Scale of Potential Harm
73% of children aged 8-17 actively play online games, creating millions of contact points. 1 in 3 have been contacted by strangers.
Reactive Solutions
Existing tools discover abuse after harm has occurred. Keyword filtering and post-incident reporting are catastrophically insufficient.
Inspired by Roblox Crisis
Direct response to incidents where predators used progressive grooming tactics, escalated over multiple conversations, and redirected victims to unmonitored channels.
Solution
Guardian Firewall is an intelligent real-time threat detection and intervention system that uses multi-layered AI to intercept predatory behavior at the moment of contact.

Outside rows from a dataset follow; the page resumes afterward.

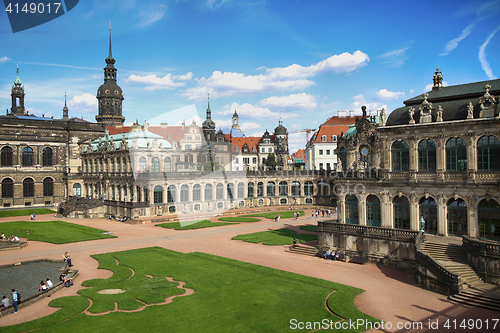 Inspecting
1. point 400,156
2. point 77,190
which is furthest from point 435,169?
point 77,190

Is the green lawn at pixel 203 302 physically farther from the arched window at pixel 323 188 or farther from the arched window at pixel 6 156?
the arched window at pixel 6 156

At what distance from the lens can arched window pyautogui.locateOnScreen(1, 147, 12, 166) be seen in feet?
292

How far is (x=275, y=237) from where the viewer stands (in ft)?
173

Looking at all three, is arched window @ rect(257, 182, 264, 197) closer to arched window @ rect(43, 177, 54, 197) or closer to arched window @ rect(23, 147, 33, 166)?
arched window @ rect(43, 177, 54, 197)

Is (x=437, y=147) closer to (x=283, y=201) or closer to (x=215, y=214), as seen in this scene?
(x=215, y=214)

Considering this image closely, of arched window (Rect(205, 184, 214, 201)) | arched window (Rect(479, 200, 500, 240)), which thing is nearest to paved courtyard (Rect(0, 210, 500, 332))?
arched window (Rect(479, 200, 500, 240))

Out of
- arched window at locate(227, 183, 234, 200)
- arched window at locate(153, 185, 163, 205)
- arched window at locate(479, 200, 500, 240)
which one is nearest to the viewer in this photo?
arched window at locate(479, 200, 500, 240)

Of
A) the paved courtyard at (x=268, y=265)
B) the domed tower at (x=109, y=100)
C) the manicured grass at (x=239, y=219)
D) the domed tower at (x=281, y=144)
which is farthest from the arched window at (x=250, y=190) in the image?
the domed tower at (x=109, y=100)

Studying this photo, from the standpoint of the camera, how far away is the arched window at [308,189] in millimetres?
95062

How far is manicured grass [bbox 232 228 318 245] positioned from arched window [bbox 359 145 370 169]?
40.7ft

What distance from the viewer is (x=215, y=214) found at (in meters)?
79.2

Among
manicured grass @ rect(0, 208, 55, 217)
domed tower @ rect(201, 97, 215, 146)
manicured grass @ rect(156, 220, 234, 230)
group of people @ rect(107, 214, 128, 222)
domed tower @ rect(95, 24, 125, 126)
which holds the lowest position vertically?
manicured grass @ rect(156, 220, 234, 230)

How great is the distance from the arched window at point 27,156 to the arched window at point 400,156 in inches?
3439

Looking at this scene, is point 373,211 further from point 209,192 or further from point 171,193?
point 209,192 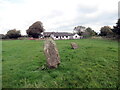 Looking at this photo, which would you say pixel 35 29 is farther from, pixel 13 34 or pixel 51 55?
pixel 51 55

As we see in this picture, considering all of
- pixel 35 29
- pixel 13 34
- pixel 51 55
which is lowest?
pixel 51 55

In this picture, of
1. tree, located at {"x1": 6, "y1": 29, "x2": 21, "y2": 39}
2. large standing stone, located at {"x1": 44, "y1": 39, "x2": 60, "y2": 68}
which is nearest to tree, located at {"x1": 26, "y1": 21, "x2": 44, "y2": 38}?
tree, located at {"x1": 6, "y1": 29, "x2": 21, "y2": 39}

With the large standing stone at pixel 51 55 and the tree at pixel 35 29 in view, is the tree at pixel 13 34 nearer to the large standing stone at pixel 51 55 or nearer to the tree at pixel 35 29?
the tree at pixel 35 29

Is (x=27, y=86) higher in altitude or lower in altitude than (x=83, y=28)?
lower

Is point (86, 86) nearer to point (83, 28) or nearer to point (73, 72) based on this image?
point (73, 72)

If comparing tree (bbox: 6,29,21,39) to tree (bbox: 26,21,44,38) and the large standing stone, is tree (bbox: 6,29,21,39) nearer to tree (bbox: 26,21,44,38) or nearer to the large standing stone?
tree (bbox: 26,21,44,38)

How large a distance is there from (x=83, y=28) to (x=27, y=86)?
99.5 meters

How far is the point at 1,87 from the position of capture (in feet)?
16.6

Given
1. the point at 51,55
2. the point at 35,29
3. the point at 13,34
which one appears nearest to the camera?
the point at 51,55

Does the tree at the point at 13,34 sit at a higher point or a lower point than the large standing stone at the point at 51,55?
higher

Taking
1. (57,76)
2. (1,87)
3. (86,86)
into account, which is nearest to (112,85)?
(86,86)

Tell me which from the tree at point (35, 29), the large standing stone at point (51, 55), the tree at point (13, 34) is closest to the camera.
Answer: the large standing stone at point (51, 55)

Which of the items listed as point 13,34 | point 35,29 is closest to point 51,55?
point 35,29

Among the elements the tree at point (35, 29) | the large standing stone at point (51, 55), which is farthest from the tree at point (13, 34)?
the large standing stone at point (51, 55) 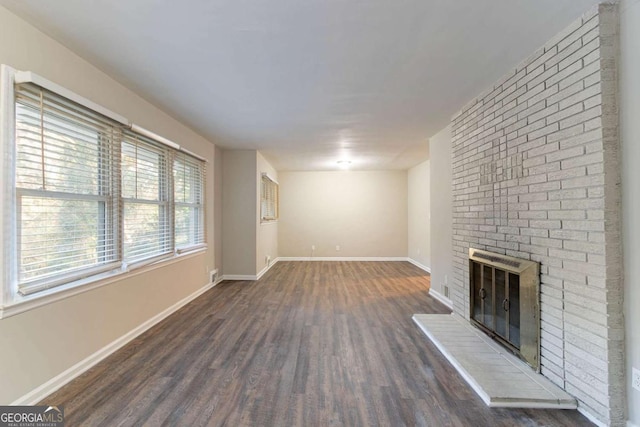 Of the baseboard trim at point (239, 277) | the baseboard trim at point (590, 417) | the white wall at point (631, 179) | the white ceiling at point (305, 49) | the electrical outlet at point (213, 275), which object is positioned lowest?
the baseboard trim at point (590, 417)

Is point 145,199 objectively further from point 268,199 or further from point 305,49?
point 268,199

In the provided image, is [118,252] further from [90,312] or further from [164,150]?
[164,150]

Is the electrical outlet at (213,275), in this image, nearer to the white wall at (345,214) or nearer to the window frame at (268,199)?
the window frame at (268,199)

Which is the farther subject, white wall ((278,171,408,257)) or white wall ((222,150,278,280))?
white wall ((278,171,408,257))

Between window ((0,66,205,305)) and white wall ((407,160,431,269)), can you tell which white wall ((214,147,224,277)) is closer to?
window ((0,66,205,305))

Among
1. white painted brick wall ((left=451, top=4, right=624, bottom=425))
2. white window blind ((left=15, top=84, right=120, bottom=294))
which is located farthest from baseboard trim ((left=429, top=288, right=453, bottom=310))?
white window blind ((left=15, top=84, right=120, bottom=294))

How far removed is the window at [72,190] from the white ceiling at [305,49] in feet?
1.60

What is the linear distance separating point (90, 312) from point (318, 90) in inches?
110

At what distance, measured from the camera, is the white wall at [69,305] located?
177cm

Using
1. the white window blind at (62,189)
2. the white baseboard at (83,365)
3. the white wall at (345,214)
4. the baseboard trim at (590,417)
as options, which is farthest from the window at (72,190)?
the white wall at (345,214)

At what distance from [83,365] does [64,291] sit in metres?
0.64

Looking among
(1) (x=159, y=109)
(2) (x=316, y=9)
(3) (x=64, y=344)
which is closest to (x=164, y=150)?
(1) (x=159, y=109)

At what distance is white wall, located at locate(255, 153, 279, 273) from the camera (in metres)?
5.61

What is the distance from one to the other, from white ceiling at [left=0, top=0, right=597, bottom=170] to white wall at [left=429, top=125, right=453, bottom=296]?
2.03ft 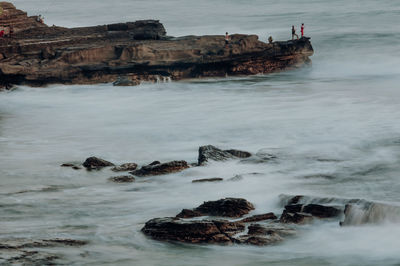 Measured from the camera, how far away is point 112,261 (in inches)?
585

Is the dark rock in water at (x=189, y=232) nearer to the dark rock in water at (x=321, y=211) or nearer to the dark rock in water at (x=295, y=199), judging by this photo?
the dark rock in water at (x=321, y=211)

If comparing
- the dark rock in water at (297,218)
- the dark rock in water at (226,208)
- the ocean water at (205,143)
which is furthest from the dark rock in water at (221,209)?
the dark rock in water at (297,218)

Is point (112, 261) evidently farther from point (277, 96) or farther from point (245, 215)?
point (277, 96)

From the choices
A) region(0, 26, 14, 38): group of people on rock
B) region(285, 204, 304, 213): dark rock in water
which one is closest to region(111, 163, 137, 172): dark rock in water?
region(285, 204, 304, 213): dark rock in water

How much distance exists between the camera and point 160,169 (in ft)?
69.9

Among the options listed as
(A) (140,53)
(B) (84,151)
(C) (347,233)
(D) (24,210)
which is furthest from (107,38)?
(C) (347,233)

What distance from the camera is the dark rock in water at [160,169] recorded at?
2121 centimetres

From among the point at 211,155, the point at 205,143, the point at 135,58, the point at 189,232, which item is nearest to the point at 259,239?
the point at 189,232

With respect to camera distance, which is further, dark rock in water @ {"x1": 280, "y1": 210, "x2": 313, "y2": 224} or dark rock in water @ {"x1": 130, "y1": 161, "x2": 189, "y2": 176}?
dark rock in water @ {"x1": 130, "y1": 161, "x2": 189, "y2": 176}

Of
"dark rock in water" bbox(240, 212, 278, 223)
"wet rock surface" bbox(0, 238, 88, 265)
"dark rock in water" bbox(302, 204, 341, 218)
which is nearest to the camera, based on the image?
"wet rock surface" bbox(0, 238, 88, 265)

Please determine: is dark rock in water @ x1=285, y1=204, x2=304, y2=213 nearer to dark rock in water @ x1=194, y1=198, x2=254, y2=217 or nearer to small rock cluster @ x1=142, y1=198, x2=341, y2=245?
small rock cluster @ x1=142, y1=198, x2=341, y2=245

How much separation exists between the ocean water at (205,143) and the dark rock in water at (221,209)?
71 centimetres

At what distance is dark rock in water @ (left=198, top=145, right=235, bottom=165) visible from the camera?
22.3 metres

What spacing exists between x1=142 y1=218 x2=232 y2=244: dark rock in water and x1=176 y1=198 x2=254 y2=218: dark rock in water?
960mm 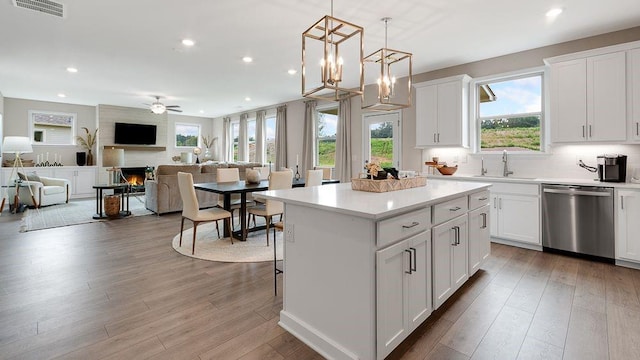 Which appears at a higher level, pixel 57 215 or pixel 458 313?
pixel 57 215

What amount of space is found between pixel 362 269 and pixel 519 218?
3.31m

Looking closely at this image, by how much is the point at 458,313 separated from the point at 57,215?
7.13 m

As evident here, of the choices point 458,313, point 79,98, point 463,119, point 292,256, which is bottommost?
point 458,313

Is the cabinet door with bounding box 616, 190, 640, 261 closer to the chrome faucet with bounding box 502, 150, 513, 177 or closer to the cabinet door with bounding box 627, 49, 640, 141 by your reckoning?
the cabinet door with bounding box 627, 49, 640, 141

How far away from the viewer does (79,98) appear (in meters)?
8.02

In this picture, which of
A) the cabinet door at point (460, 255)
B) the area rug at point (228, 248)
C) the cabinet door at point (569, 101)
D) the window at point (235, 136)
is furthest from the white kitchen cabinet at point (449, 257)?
the window at point (235, 136)

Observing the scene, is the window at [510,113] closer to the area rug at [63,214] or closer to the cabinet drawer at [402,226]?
the cabinet drawer at [402,226]

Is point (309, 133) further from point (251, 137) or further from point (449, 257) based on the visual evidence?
point (449, 257)

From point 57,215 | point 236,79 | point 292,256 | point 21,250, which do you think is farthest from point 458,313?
point 57,215

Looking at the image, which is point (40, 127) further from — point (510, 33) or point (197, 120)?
point (510, 33)

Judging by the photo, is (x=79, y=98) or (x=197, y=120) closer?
(x=79, y=98)

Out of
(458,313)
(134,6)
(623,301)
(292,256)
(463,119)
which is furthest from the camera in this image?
(463,119)

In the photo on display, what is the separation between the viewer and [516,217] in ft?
13.1

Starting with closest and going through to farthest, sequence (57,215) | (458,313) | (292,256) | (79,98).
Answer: (292,256)
(458,313)
(57,215)
(79,98) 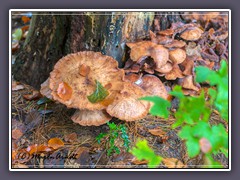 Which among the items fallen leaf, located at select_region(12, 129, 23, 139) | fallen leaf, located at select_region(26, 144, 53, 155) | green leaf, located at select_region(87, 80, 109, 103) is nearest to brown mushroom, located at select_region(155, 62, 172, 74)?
green leaf, located at select_region(87, 80, 109, 103)

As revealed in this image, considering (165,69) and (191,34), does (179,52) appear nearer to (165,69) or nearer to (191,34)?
(165,69)

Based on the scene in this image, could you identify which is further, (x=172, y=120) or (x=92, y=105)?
(x=172, y=120)

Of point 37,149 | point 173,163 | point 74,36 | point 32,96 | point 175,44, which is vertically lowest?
point 173,163

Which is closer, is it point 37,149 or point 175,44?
point 37,149

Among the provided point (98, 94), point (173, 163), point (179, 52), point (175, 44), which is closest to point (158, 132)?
point (173, 163)

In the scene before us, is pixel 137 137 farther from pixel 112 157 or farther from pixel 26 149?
pixel 26 149

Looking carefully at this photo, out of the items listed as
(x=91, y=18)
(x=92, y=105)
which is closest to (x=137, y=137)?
(x=92, y=105) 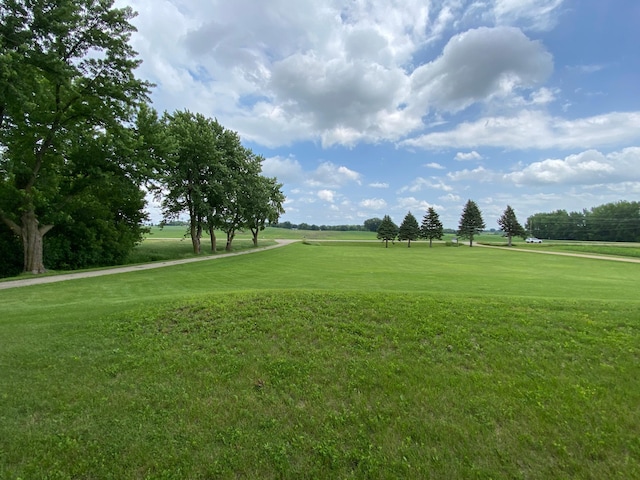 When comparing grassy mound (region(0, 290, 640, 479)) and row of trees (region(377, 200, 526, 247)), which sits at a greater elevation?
row of trees (region(377, 200, 526, 247))

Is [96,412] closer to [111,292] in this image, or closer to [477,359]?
[477,359]

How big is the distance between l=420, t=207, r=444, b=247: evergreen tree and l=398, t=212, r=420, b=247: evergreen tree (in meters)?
1.44

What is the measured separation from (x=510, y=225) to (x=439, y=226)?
17428 mm

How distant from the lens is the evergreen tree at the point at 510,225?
7100 cm

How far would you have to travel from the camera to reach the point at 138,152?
63.5 feet

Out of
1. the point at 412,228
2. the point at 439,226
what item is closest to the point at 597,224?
the point at 439,226

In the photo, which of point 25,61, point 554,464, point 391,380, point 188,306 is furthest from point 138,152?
point 554,464

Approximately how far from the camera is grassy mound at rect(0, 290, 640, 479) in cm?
302

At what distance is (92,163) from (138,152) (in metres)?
3.17

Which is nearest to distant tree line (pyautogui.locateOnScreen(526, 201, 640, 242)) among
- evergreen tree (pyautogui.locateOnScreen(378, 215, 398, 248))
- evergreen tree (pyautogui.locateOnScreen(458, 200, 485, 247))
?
evergreen tree (pyautogui.locateOnScreen(458, 200, 485, 247))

Real-Time Multi-Turn Threat Detection
AI analyzes entire conversation histories (up to 50 messages) to detect grooming escalation patterns that keyword filters miss.
Comprehensive Pattern Recognition
Rule-based detection of 8 grooming categories including age probing, personal info extraction, and secrecy enforcement, each with 40+ patterns.
Multi-Model AI Fusion
Combines Gemini LLM for context, Hugging Face transformers for specialized detection (toxicity/sentiment), and rule-based systems for 99.9% accuracy.
Safety Pause System
Instantly intercepts high-risk messages before they reach children (<100ms), blocking dangerous content and alerting parents in real-time.
How We Solve It
Architecture & Stack
- FastAPI + Async API
- WebSockets (<100ms latency)
- Gemini 2.5 Flash LLM
- Hugging Face Transformers
- LangChain Orchestration
- Colyseus State Management
AI/ML Pipeline Intelligence
Layered Detection
Gemini for context, Regex for patterns (40+), Transformers for toxicity/NSFW. Dynamic context window expands from 15 to 50 messages based on risk.
Risk Scoring Intelligence
Granular thresholds (Low/Medium/High). Pattern clustering multiplies risk severity. Trend analysis detects conversation escalation.
Conversation-Level Intelligence
Tracks behavioral manipulation tactics specific to child predators: Flattery → Trust Building → Boundary Testing → Exploitation.
Technical Innovation
Multi-Model Consensus
Fuses three AI paradigms - LLM reasoning, transformers, and rule-based patterns - achieving both high accuracy (99.9%) and explainability.
Real-Time WebSocket Architecture
Built with connection pooling and event streaming for live parent dashboards, enabling intervention before harm occurs.
Dynamic Resource Allocation
Intelligent context expansion and lazy model loading reduce compute costs by 40% while maintaining accuracy.
Explainable AI
Every risk score includes natural language explanations and detected pattern details for parent transparency.